Using the listing below, print the line containing "Parents' Day Quote", the line containing "In the Add Systems", and each line between them, exactly and nothing else. Pictures stay out of the print.

Records to use »
----

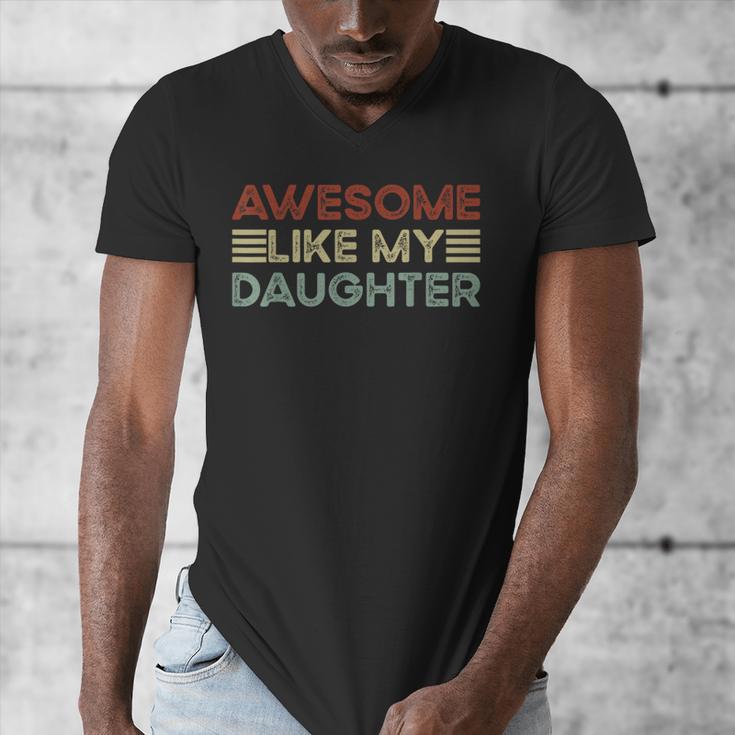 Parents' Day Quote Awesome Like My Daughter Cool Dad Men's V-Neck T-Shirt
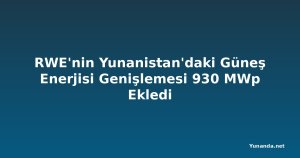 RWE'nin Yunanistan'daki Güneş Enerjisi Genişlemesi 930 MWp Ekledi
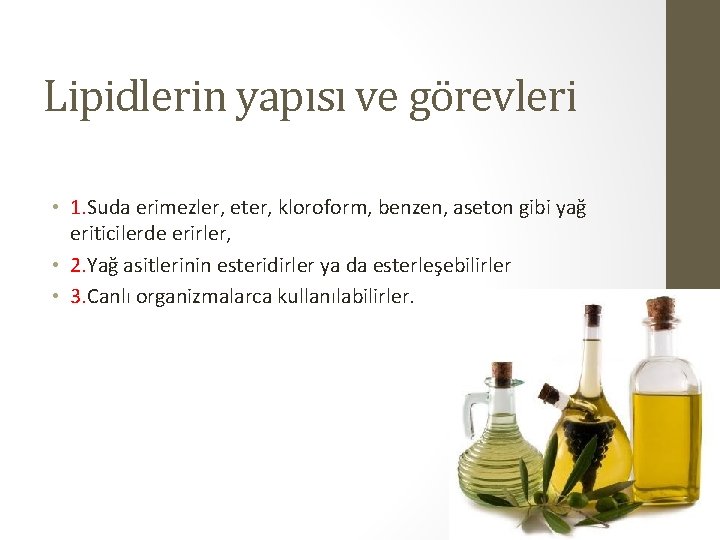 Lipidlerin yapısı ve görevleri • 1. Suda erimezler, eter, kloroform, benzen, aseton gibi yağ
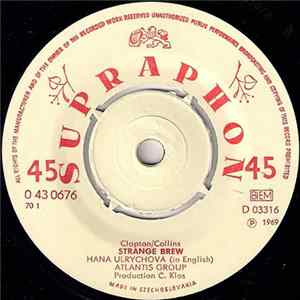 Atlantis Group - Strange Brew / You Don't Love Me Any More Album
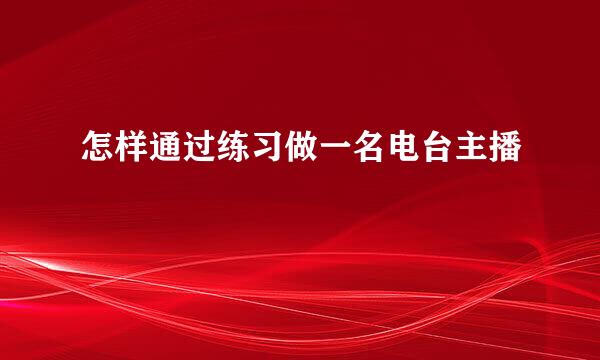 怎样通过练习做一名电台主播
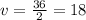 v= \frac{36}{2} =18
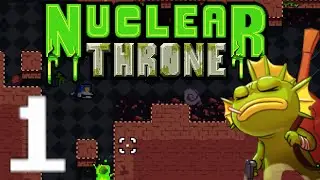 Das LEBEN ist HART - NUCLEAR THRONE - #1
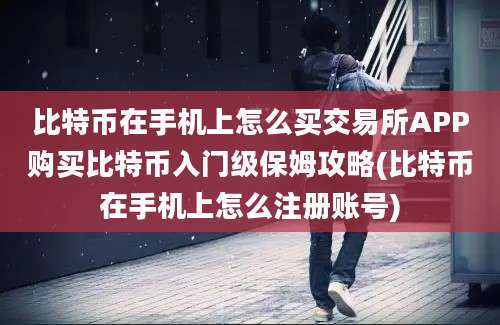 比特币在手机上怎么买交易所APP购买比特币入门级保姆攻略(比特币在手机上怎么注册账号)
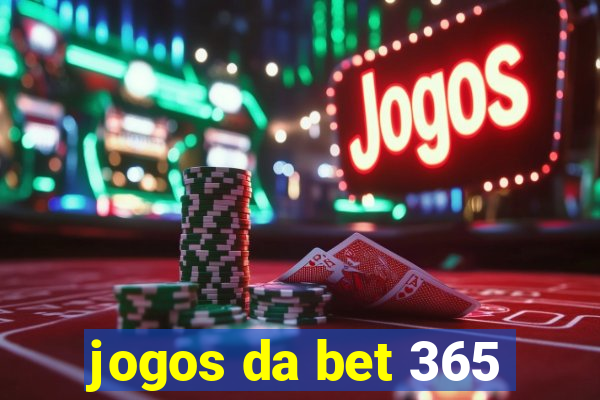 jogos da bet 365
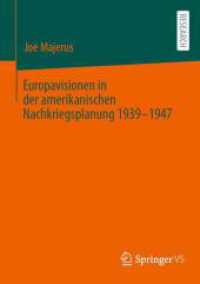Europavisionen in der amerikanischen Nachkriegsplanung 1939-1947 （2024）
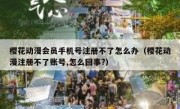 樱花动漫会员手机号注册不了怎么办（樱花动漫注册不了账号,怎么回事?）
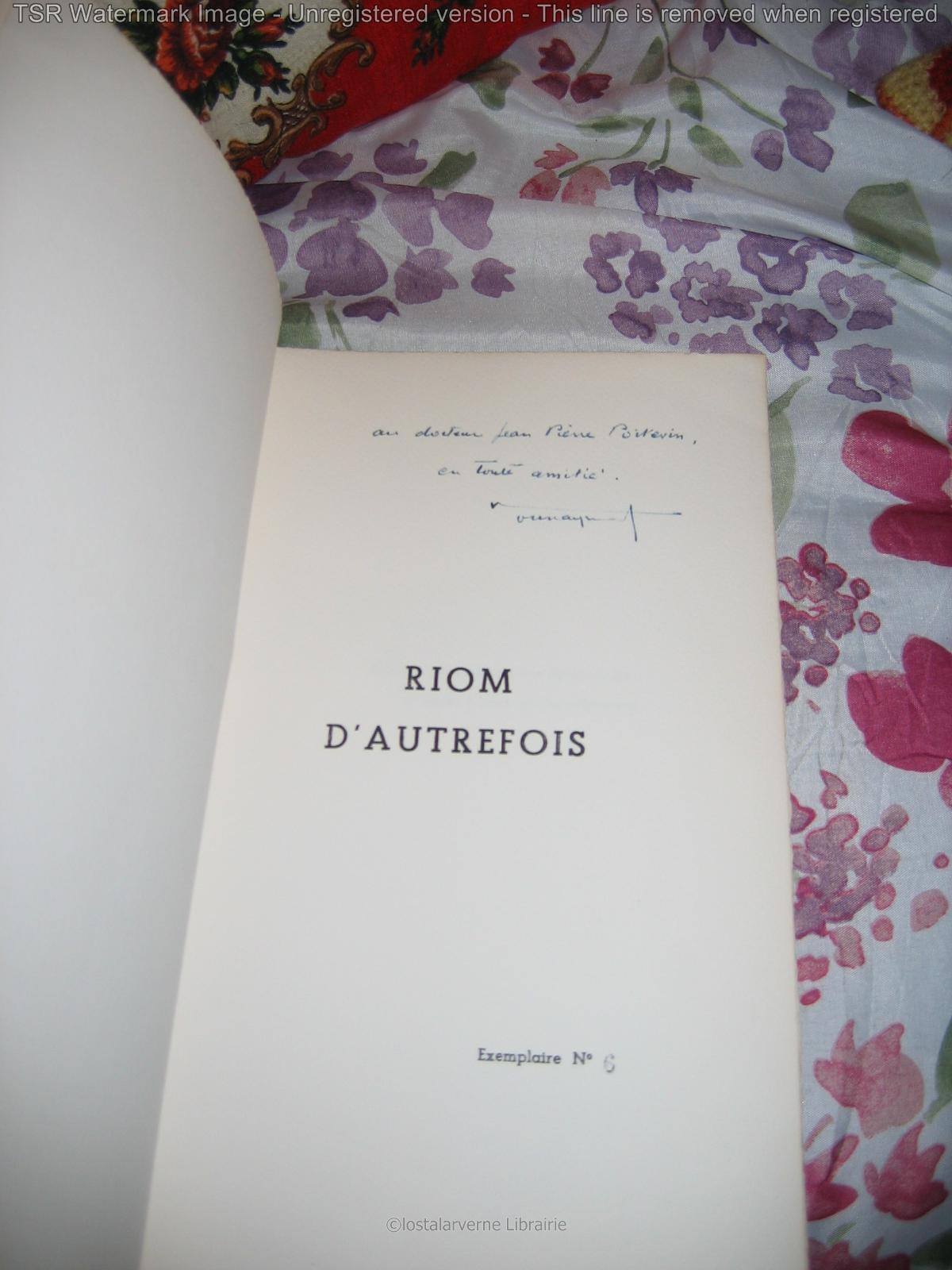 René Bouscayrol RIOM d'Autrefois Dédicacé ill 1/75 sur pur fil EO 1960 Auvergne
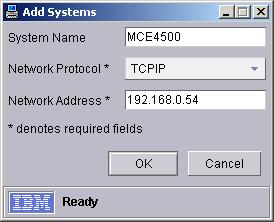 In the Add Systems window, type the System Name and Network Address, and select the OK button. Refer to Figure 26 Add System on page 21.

----

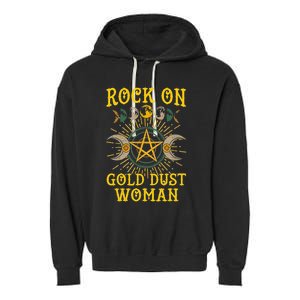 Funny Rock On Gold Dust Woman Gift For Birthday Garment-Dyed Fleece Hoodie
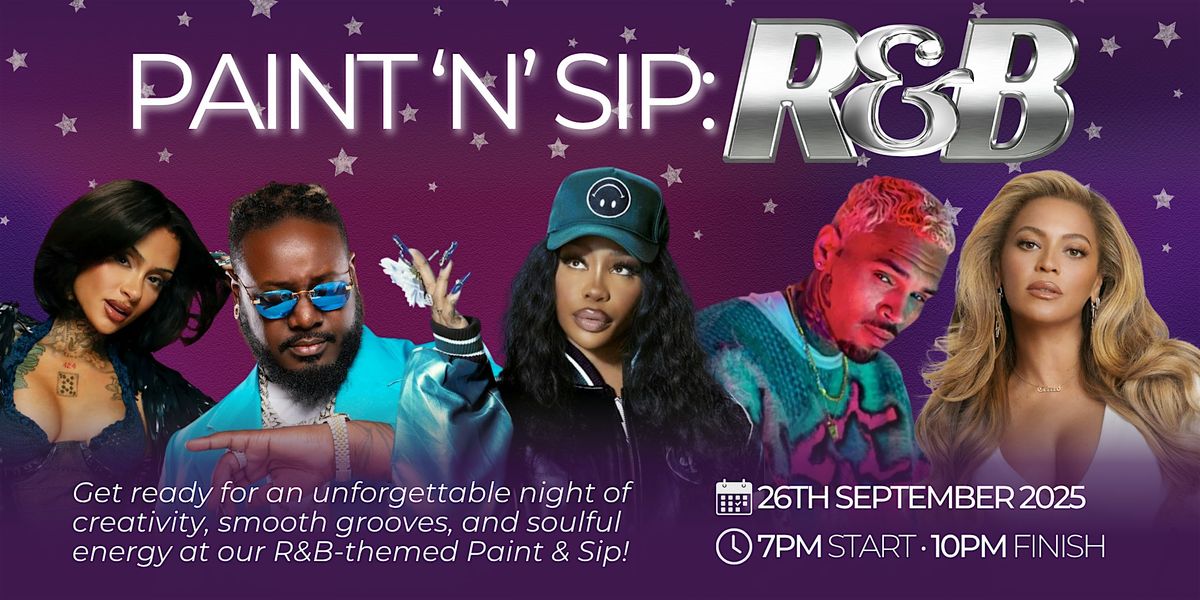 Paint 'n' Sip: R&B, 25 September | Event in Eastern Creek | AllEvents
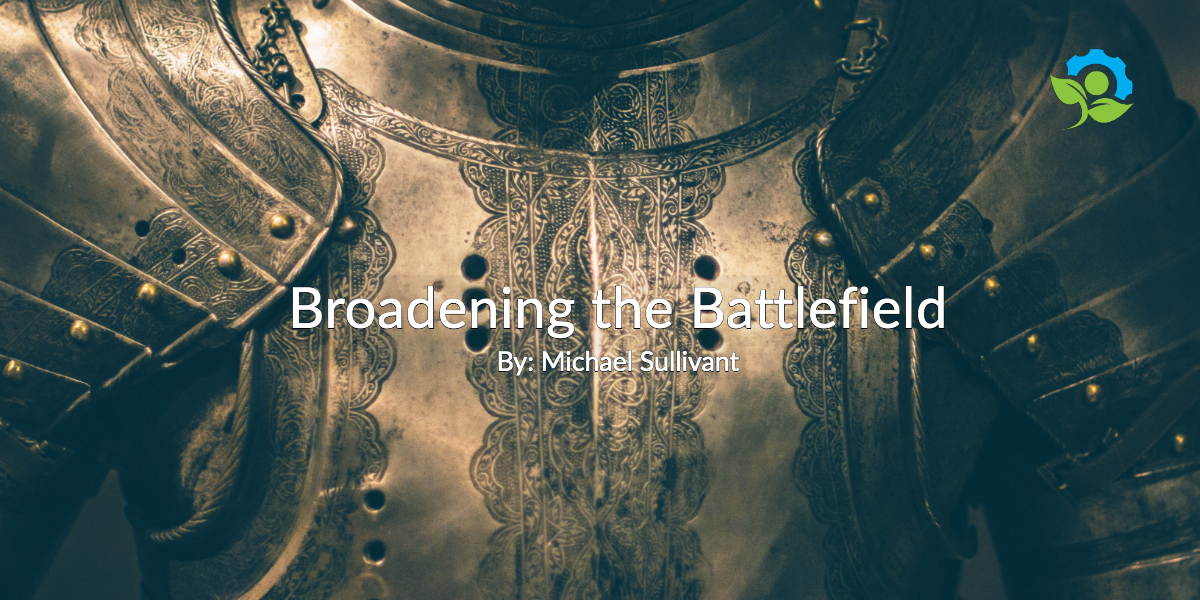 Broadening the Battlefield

----

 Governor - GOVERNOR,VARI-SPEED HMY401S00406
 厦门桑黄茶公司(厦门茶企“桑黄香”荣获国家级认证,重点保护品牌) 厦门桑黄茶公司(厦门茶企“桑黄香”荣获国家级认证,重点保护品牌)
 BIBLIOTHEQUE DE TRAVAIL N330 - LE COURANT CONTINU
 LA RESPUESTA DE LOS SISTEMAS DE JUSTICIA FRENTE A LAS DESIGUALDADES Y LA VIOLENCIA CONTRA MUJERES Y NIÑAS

----

Response to this exercise »
 Parents' Day Quote Awesome Like My Daughter Cool Dad Men's V-Neck T-Shirt
 RWE'nin Yunanistan'daki Güneş Enerjisi Genişlemesi 930 MWp Ekledi
 Lipidlerin yapısı ve görevleri • 1. Suda erimezler, eter, kloroform, benzen, aseton gibi yağ
 Atlantis Group - Strange Brew / You Don't Love Me Any More Album
 怎样通过练习做一名电台主播
 v= \frac{36}{2} =18
 Das LEBEN ist HART - NUCLEAR THRONE - #1
 比特币在手机上怎么买交易所APP购买比特币入门级保姆攻略(比特币在手机上怎么注册账号)
 jogos da bet 365
Europavisionen in der amerikanischen Nachkriegsplanung 1939-1947 （2024）
 樱花动漫会员手机号注册不了怎么办（樱花动漫注册不了账号,怎么回事?）
 René Bouscayrol RIOM d'Autrefois Dédicacé ill 1/75 sur pur fil EO 1960 Auvergne
 In the Add Systems window, type the System Name and Network Address, and select the OK button. Refer to Figure 26 Add System on page 21.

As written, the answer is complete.